Eileen Mehl Boelcskevy
Associate Director, Medical Education
College of Medicine
Eileen Mehl Boelcskevy believes in achieving balance in future medical professionals: one part skill and knowledge; one part humanism and compassion. It is not a stretch to say Boelcskevy is the purveyor of the latter in the College of Medicine.
Though her role for the past six years has been to oversee the college’s special events — Orientation and its White Coat Ceremony, Student Clinician Ceremony, Hooding Convocation and other graduation celebrations — Boelcskevy has made it her mission to add a humanistic touch to each student’s academic journey.
Boelcskevy teamed up with faculty and staff to develop a touching memorial ceremony to honor those who donated their bodies to medical education and science. “Under her guidance, this ceremony has grown to a large, poignant and moving service that teaches the students to respect the sacrifice and lessons of their ‘first patients,’” a faculty nominator wrote.
Boelcskevy pays special attention to mind and body. She facilitated wellness activities for the students, helping students equip a small gym in the main medical building and arranging exercise and healthy cooking classes and mindfulness practices. As chair elect of the Medicine and the Arts Board, Boelcskevy works after hours to create a robust worklife environment, bringing in speakers and artistic productions in collaboration with other colleges and departments.

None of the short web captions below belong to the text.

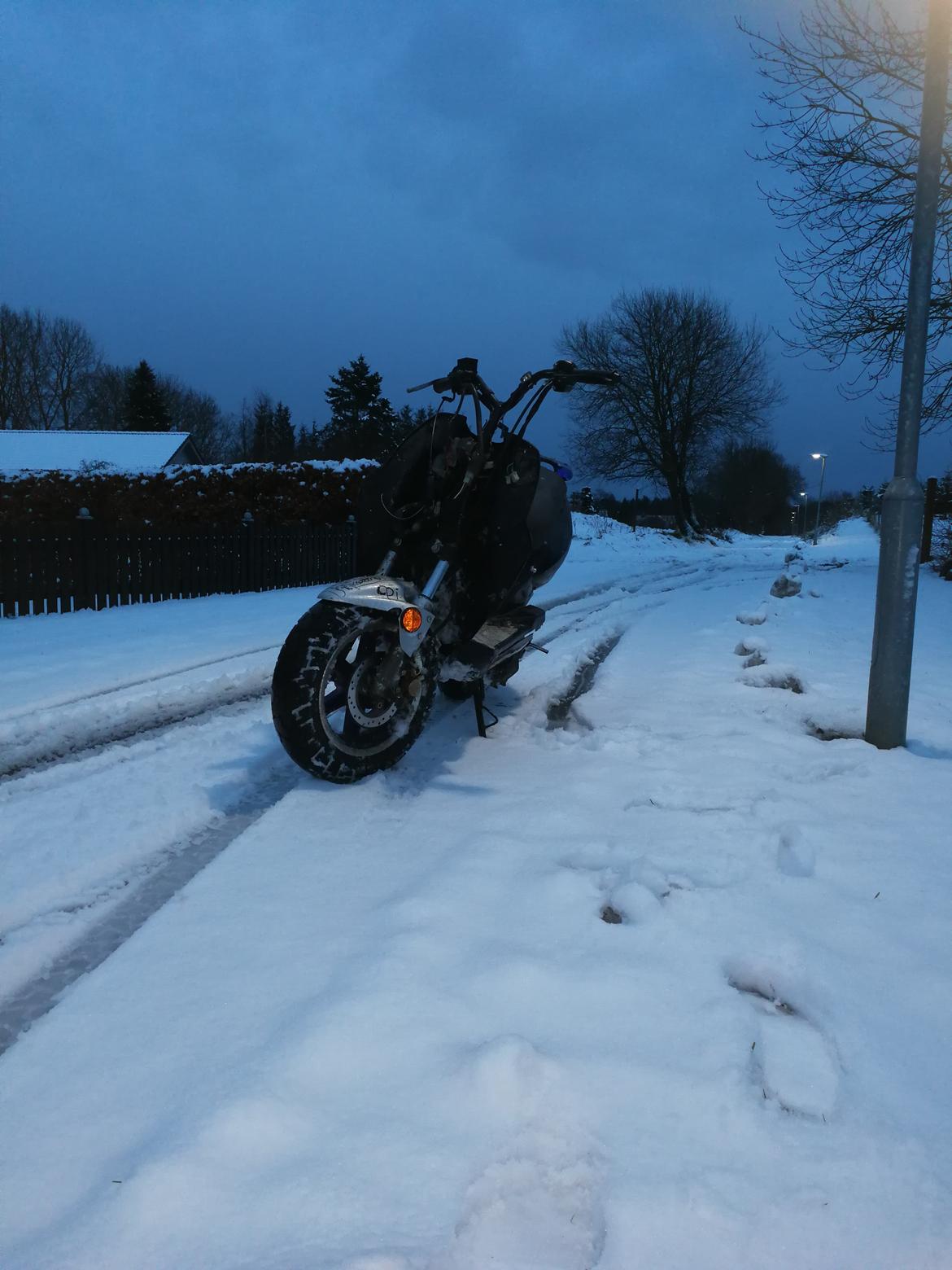 CPI hussar  billede 15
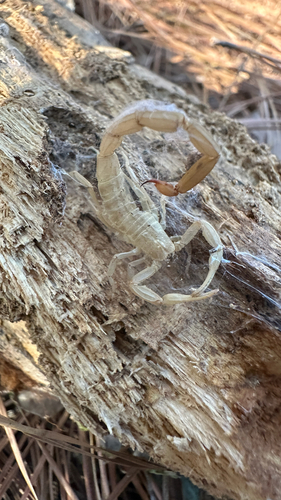 Striped bark scorpion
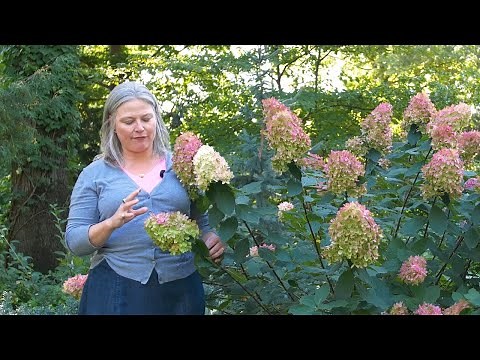 Comparing Proven Winners® Lime Hydrangeas - Fall Color Update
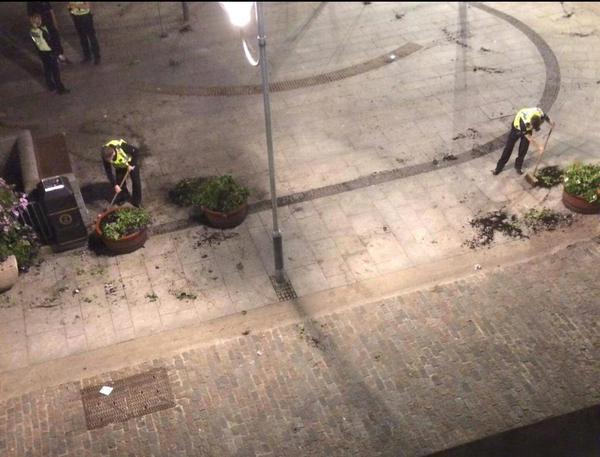 Police sweep up the plants in Drummers Corner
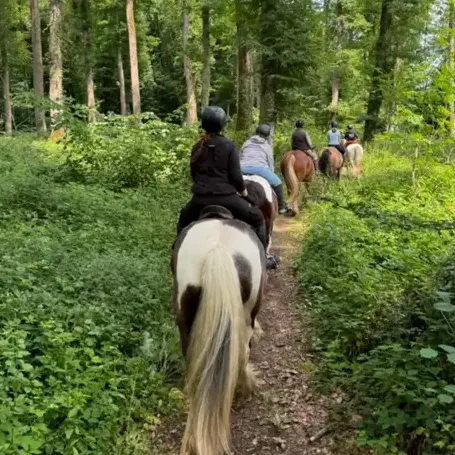 balade à cheval Alençon-5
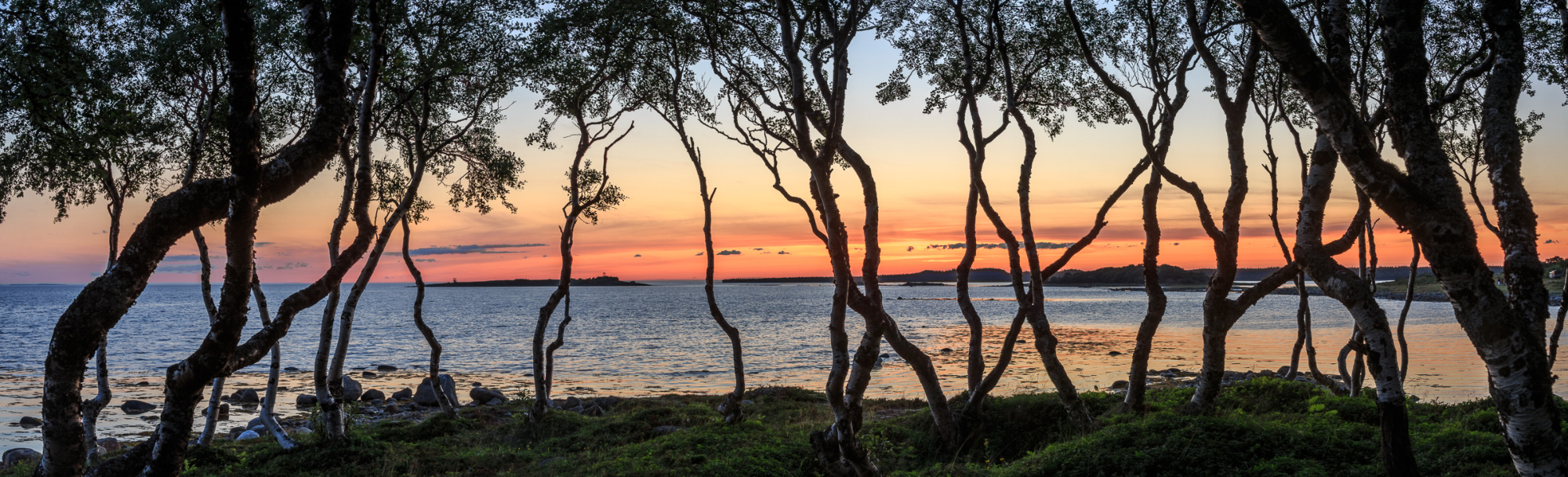 photo "Танго на закате" tags: landscape, panoramic, Russia, evening, sea, sky, sunset, деревья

“From my own perspective as a faculty member, Eileen is a trusted colleague, a source of wise advice and a person who can see the possibilities,” another nominator wrote. “She often reminds me that the students have amazing talent — and that sometimes we just need to step to the side. The students’ success is her success, and she takes pride in helping create the physicians of tomorrow.”
Amy L. Carey
Senior Assistant Director
East Asian Studies Center
A pioneer of ideas and a master of efficiency, Amy Carey has garnered the respect and admiration of everyone she has worked with and for. Those who have called her supervisor note her encouragement and constant praise for their contributions, respect for their opinions and mentorship that’s second to none. One nominator noted six instances in a four-year span where Carey’s direct reports, all women of diverse backgrounds and skills, were guided professionally and instilled with such confidence that they became managers themselves.
“Without Amy’s leadership and support, I would not have developed my own leadership skills, and it is quite possible that my career would not have expanded and flourished in the university environment,” a nominator wrote. “…Anyone reporting to her would achieve job enrichment.”
With the East Asian Studies Center (EASC) since 2006, Carey intimately knows its ins and outs. She has stewarded it through the last two rounds of competitive U.S. Department of Education Title VI renewal funding, helping secure more than $5 million for the EASC, third-most in this last round among the 18 national centers. Her collaboration ideas have sparked new partnerships, instructional initiatives for K-12 teachers and specialized tracks within the center’s master’s program.
Carey was the influence in making the master’s program a success, always soliciting feedback to optimize the student experience and create a diverse pool of scholars. “She is the constant and unifying presence — the administrative linchpin — in a program comprised of East Asian specialists spread across the university,” a faculty nominator wrote.
In addition, Carey lends her talent to the University Staff Advisory Committee as vice-chair – treasurer/recorder, volunteering her time while advocating on behalf of all staff with university leaders.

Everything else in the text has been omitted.